An NFL apparel conspiracy?

While fans were fixated on the National Football League playoffs -- in which, by definition, the participating teams are competitors -- the Supreme Court was weighing whether on-field enemies can be allies in an economic conspiracy. Last week, the justices heard from a spurned sportswear manufacturer arguing that an exclusive contract with a rival company is a violation of antitrust laws. The court will fumble if it complies.

American Needle Inc. used to be one of several companies that provided souvenir sportswear for NFL teams. But it lost its franchise when the league reached an exclusive contract with Reebok in 2000 to manufacture caps bearing team logos. American Needle wants a trial to prove that the NFL is an alliance of separately owned teams subject to a federal antitrust law prohibiting monopolies and contracts or conspiracies “in restraint of trade and commerce.”

The dispute has attracted unusual attention not only because of its connection to professional sports -- how many cases can be featured on both ESPN and C-SPAN? -- but also because a decision could extend beyond arrangements for the sale of caps and sweat shirts. Players fear the NFL’s argument that it is a single economic entity could be used to prevent them from negotiating with individual teams for salaries and benefits. But that doesn’t follow automatically from a decision in favor of the NFL in this case.

In reality, the NFL is a hybrid. For purposes of competition on the playing field, it is a group of separate actors and, although there is some revenue sharing, one team can be richer than another. For purposes of marketing and ancillary activities such as the promotion of sportswear, it is a joint venture that functions as one businessand can’t be fairly accused of restraining trade between its members. NFL teams may be competitors on the field, but they are not in serious competition for the dollars of sports fans


At oral argument, Justice Stephen G. Breyer -- a former Harvard professor who is apparently a baseball, not a football, fan -- made the point pithily: “I don’t know a Red Sox fan who would take a Yankees sweat shirt if you gave it away.” But the Reebok contract isn’t the only example of football teams collaborating instead of competing. Justice Samuel A. Alito Jr. pointed out that the NFL teams agree among themselves on scheduling.

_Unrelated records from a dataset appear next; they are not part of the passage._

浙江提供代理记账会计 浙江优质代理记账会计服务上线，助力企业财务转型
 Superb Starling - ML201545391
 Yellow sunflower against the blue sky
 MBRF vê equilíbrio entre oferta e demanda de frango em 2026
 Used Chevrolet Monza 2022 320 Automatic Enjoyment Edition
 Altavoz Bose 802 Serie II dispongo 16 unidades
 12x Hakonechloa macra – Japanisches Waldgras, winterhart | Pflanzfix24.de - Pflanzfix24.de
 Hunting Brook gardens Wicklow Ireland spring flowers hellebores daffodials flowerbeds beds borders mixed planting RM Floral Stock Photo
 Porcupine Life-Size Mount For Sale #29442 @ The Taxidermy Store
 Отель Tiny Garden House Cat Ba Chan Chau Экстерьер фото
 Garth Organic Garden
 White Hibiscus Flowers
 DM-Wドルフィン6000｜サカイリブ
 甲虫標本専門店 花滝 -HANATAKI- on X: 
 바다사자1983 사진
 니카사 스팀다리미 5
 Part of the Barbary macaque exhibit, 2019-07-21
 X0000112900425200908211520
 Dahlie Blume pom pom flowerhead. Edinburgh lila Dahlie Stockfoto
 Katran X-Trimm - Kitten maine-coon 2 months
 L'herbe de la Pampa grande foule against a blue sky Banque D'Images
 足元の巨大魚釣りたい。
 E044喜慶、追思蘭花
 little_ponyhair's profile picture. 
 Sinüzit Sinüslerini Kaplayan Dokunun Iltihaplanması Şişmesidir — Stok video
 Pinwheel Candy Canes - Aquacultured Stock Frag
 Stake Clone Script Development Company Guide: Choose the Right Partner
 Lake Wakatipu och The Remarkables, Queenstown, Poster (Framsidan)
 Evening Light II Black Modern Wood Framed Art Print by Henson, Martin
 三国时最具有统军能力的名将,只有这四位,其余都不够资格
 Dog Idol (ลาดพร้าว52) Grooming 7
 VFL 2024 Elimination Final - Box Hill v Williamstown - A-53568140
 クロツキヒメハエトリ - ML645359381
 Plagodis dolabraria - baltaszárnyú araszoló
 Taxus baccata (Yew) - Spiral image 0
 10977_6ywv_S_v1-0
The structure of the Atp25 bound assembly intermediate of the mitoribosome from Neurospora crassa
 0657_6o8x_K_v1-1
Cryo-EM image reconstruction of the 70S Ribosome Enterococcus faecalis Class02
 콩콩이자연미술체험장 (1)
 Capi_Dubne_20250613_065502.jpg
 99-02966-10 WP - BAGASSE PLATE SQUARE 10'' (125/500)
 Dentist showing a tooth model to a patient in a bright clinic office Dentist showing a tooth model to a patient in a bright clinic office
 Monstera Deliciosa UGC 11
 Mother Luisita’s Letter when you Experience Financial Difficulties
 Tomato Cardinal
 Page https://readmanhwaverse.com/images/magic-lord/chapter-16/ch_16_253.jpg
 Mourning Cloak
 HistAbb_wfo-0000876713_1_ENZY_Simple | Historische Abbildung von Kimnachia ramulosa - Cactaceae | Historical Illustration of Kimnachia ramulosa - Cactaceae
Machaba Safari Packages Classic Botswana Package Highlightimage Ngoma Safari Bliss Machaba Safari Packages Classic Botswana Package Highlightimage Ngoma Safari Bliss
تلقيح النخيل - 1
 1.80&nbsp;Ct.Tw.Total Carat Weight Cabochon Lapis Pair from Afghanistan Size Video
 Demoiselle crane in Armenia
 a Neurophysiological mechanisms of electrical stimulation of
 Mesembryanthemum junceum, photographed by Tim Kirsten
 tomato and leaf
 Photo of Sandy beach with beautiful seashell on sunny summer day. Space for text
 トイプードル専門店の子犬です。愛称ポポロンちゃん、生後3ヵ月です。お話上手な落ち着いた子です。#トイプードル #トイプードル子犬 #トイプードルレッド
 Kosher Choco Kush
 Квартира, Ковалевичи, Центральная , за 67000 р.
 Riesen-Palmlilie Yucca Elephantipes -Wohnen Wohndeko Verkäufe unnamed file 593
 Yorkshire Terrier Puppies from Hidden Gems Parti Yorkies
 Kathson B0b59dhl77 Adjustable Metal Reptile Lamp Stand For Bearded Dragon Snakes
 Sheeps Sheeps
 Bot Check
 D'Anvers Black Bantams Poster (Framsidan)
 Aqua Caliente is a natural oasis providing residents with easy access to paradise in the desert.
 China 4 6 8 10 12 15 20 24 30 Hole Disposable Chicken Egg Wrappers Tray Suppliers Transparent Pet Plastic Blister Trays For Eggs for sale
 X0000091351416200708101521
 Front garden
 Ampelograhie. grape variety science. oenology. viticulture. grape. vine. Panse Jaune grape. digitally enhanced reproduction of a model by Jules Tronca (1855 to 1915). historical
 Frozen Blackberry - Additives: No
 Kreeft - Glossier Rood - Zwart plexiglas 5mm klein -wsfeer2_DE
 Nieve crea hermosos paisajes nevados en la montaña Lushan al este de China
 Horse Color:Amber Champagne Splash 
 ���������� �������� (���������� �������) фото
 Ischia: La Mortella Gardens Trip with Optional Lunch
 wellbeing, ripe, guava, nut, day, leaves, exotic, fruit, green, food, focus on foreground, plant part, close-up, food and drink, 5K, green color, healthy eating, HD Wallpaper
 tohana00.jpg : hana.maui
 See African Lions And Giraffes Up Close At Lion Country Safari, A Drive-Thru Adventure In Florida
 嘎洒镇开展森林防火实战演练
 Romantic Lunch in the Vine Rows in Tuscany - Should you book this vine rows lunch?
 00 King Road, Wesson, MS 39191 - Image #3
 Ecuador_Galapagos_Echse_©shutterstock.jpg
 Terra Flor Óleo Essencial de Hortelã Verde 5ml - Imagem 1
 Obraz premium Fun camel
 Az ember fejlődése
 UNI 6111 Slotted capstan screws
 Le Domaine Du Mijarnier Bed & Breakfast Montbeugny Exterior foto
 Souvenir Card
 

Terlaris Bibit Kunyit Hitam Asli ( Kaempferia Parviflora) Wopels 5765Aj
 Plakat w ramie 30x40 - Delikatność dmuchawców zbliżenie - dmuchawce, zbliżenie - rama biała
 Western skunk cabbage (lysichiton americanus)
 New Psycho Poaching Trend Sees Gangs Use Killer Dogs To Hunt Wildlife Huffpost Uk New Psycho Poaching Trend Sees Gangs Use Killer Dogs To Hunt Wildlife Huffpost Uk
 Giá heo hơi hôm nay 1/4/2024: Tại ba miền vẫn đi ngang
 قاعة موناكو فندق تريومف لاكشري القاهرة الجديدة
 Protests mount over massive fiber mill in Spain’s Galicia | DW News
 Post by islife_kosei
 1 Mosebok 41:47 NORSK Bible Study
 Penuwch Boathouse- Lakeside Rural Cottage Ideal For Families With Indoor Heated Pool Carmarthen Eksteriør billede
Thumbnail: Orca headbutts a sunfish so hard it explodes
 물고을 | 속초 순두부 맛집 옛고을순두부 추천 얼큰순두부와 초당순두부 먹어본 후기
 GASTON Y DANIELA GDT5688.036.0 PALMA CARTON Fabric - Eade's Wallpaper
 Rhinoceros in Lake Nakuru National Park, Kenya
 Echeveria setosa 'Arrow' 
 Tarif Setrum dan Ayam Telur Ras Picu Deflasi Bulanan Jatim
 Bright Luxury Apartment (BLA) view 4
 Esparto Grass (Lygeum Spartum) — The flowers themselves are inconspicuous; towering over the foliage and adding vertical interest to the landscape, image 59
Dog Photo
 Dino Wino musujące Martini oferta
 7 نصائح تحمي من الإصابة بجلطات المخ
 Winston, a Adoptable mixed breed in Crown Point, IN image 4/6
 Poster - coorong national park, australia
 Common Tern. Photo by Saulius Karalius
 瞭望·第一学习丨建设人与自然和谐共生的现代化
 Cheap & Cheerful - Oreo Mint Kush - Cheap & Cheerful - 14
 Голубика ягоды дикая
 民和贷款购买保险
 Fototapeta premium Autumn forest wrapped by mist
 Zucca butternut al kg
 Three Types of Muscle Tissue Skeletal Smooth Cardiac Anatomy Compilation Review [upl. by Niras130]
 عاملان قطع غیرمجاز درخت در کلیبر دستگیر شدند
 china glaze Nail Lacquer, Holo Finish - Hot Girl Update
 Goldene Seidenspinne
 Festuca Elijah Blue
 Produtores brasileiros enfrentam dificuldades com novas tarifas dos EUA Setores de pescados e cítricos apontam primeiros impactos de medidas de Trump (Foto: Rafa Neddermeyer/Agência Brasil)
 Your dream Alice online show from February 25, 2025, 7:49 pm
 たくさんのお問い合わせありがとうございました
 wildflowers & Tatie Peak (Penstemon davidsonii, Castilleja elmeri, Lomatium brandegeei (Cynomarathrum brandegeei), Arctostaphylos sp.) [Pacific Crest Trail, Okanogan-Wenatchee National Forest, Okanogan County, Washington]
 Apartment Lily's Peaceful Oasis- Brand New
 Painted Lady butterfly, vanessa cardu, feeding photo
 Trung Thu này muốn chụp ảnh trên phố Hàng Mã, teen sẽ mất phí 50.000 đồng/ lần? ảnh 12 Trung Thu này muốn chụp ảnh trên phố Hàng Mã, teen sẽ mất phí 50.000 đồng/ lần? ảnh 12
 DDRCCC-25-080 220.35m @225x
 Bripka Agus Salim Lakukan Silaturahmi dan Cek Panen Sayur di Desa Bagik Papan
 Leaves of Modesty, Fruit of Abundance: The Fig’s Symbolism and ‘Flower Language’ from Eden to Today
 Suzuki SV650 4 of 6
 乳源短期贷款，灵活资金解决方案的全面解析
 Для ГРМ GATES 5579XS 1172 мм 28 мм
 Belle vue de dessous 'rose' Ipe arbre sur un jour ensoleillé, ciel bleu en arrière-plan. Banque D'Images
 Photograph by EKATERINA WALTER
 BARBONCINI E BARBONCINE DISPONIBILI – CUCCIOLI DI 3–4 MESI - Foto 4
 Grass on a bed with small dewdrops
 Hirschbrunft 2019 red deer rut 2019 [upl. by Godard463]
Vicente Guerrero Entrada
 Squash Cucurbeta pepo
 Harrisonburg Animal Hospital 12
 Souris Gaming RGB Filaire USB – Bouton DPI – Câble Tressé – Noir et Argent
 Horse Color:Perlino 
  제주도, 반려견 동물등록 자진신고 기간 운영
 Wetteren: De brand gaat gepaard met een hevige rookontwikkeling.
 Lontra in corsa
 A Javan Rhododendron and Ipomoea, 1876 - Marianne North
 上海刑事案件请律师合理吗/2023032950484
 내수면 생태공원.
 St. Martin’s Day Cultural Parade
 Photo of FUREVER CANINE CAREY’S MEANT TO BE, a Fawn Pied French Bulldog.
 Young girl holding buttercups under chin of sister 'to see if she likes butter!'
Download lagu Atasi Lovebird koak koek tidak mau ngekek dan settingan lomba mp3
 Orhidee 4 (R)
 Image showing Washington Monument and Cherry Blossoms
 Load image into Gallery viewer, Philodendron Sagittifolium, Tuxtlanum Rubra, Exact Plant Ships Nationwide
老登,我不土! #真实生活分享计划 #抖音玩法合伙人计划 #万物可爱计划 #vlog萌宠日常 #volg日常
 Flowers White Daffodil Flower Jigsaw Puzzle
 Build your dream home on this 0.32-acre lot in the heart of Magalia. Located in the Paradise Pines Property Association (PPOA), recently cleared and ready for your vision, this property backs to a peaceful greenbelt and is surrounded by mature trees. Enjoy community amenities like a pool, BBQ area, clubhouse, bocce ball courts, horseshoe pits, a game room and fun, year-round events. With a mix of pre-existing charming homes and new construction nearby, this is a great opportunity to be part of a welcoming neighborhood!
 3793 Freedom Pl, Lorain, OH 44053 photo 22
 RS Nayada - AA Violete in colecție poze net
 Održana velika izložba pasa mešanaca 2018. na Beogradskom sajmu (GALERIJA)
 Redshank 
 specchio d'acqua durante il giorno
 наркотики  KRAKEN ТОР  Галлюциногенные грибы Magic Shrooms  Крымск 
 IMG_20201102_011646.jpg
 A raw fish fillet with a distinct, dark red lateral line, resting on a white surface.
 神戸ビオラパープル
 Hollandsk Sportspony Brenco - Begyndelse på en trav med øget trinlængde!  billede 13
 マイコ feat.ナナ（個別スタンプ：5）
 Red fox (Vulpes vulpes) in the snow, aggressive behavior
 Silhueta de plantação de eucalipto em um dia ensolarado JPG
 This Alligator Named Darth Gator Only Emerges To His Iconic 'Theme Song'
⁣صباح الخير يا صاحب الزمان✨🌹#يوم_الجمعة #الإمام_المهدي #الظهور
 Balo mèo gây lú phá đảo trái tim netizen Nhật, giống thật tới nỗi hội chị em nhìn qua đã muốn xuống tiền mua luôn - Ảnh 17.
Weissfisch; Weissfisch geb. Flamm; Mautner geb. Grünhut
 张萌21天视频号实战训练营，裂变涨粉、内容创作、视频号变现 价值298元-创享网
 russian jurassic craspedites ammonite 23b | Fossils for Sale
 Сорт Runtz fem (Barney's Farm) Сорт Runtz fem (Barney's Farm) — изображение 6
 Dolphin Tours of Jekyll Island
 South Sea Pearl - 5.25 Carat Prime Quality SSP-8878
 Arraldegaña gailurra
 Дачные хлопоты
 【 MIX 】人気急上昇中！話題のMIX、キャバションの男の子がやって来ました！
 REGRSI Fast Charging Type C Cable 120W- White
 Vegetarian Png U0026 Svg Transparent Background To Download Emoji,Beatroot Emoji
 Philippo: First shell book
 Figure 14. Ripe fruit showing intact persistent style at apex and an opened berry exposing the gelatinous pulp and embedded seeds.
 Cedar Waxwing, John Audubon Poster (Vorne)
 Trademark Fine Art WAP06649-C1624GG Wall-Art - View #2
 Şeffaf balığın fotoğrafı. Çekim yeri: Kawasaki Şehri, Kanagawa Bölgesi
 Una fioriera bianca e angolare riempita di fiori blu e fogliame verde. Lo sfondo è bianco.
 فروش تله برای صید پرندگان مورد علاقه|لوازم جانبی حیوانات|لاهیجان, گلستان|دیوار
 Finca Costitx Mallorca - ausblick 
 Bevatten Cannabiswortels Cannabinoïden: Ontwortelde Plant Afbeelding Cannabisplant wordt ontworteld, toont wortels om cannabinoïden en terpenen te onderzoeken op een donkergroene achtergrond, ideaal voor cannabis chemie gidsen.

American Needle insists that it simply wants a trial on its allegations against the league, an argument to which some justices clearly were sympathetic. But the federal judicial system, for good reason, allows courts to dismiss lawsuits at an early stage when no amount of evidence or testimony can affect the legal conclusion. As long as the issue is caps and T-shirts, the Supreme Court should recognize that in pro football, my opponent is sometimes my partner.